4. Describe the structure of tRNA

Answer 51

•Short (around 80 nucleotides)
•Single stranded chain
•Hydrogen bonds form between nucleotides forming a clover leaf shape
•Has an amino acid binding site at one end
•Anticodon at one end which complementary base pairs with a specific codon on mRNA
•There are many types of tRNA each with a different anticodon (as many as there are amino acids codons) each binding to a specific amino acid

Question 52

5. Compare and contrast mRNA and tRNA.

Answer 52

Both are made of RNA and have nucleotides have a phosphate group, ribose sugar and the bases A, U, C and G; mRNA does not have hydrogen bonds, whereas tRNA does; mRNA does not have an amino acid binding site, whereas tRNA does; mRNA is usually longer (has more nucleotides) than tRNA; mRNAs can be different lengths, whereas tRNA are all a similar length;
mRNA has codons, whereas tRNA has anticodons;

Question 53

6. A polypeptide is this many amino acids long, what is the minimum number of bases needed to code for this polypeptide?

Answer 53

This x 3 = answer

Question 54

7. A gene is this many nucleotides long, what is the maximum number of amino acids it could code for?

Answer 54

This ÷ 3 = answer

Question 55

8. What is a ribosome made of?

Answer 55

A molecule of ribosomal RNA and a protein.

Question 56

9. Explain the term non-overlapping.

Answer 56

Each base is part of only one triplet code.

Question 57

10. Explain the term degenerate.

Answer 57

More than one triplet code (or codon) codes for each amino acid.

Question 58

11. Explain how the genetic code is universal.

Answer 58

All organisms DNA triplet code in every organism codes for the same amino acid.

Question 59

12. Explain the difference between transcription in prokaryotes and eukaryotes.

Answer 59

Eukaryotic DNA contains introns with genes whereas prokaryotes don’t; These regions are removed from the pre-mRNA in eukaryotes whereas this isn’t necessary in prokaryotes;

Question 60

13. Describe the genome.

Answer 60

The complete set of genes in a cell/organism;

Question 61

14. Describe the proteome.

Answer 61

The full range of proteins a cell is able to produce;

Question 62

15. Describe the role of RNA polymerase in producing mRNA

Answer 62

RNA polymerase joins adjacent RNA nucleotides in a condensation reaction to form a phosphodiester bond.

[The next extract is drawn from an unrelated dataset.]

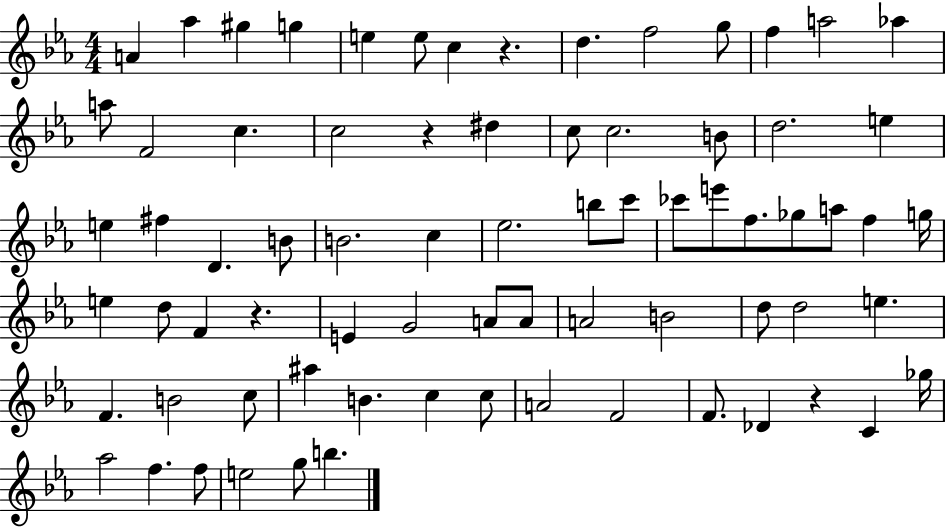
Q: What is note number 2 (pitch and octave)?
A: Ab5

Repeating this process produces mRNA.

Question 63

16. Describe the role of ribosomes in translation.

Answer 63

mRNA binds to ribosome; there are two codons binding sites; Allows tRNA with anticodons to bind; Catalyses formation of peptide bond between amino acids held by tRNA molecules; Moves along mRNA to the next codon;

Question 64

17. Describe the role of tRNA in translation.

Answer 64

The anticodon is complementary to codon on mRNA; each tRNA has a specific amino acid; carried to ribosome; this gives the correct sequence of amino acids along polypeptide;

Question 65

18. Describe the role of ATP in translation.

Answer 65

ATP is hydrolysed to release the energy needed for the two amino acids on tRNA to be joined by a peptide bond. This is catalysed by an enzyme.

Question 66

19. Describe how a gene is a code for the production of a polypeptide. Do not include information about transcription or translation in your answer.

Answer 66

The base sequence is organised into triplets, each triplet codes for an amino acid so the sequence of triplets determines the sequence of amino acids in the polypeptide.